* _Task instructions_
Set the data below down again, exactly, with every picture left out.

─── Information provided

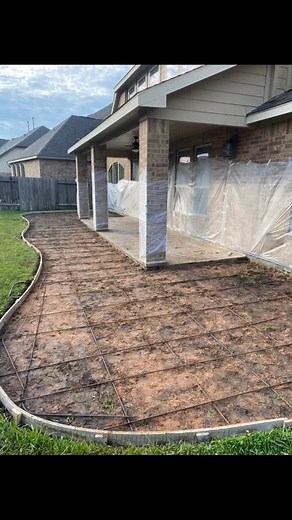 Custom stamped and stained patio from start to finish 🤙 #riverridgeconcrete #construction #constructionlife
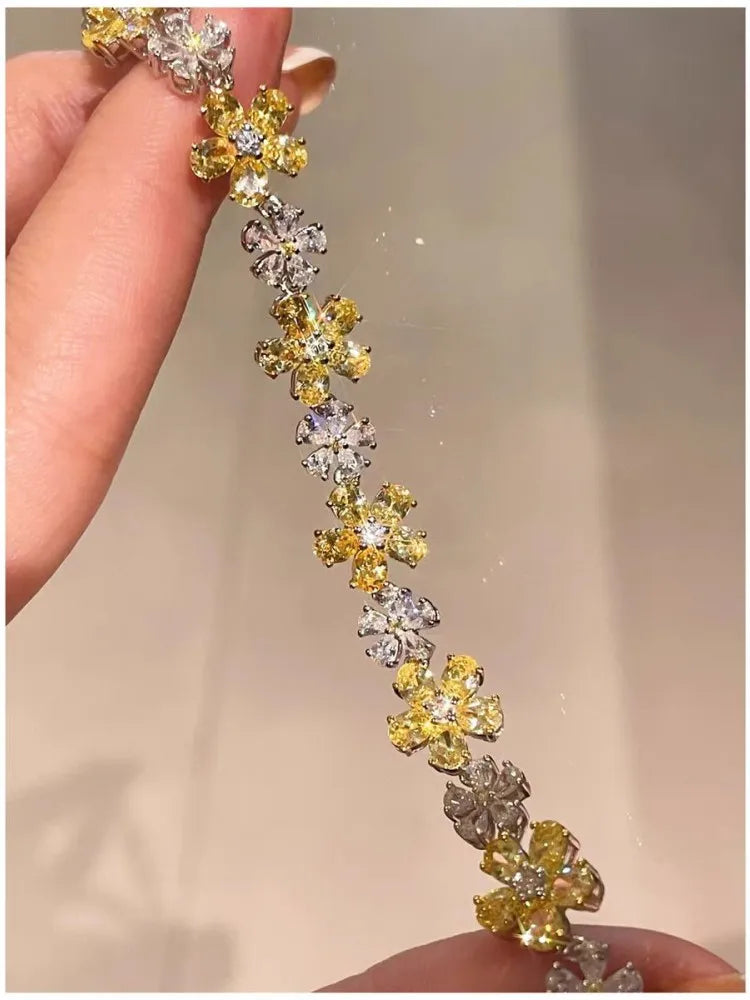 Lab Created Yellow Diamond Bracelet on 925 Sterling Silver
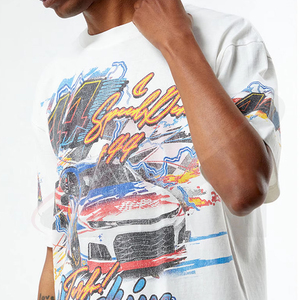 Camiseta Blanca Extra Grande para Hombre con Estampado Gráfico, Estilo Urbano, Manga Corta, Cuello Redondo, Algodón Jersey, Informal - Product Image 3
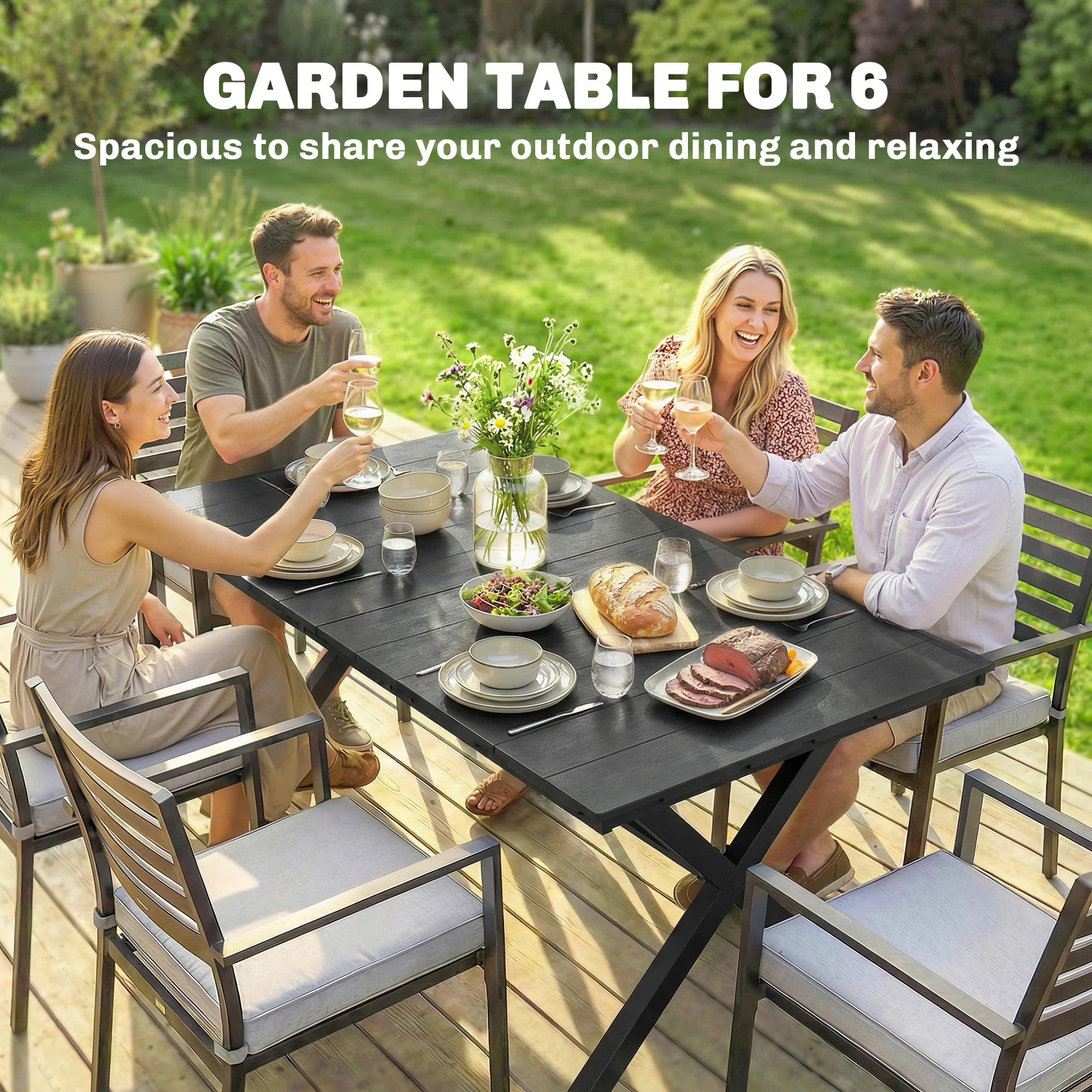 Outsunny Garden Dining Table, Outdoor Table for 6, Wood Effect Top, Black - Image 4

──────

* _Output_
 Custom stamped and stained patio from start to finish 🤙 #riverridgeconcrete #construction #constructionlife
 Lab Created Yellow Diamond Bracelet on 925 Sterling Silver
 Camiseta Blanca Extra Grande para Hombre con Estampado Gráfico, Estilo Urbano, Manga Corta, Cuello Redondo, Algodón Jersey, Informal - Product Image 3
 Outsunny Garden Dining Table, Outdoor Table for 6, Wood Effect Top, Black - Image 4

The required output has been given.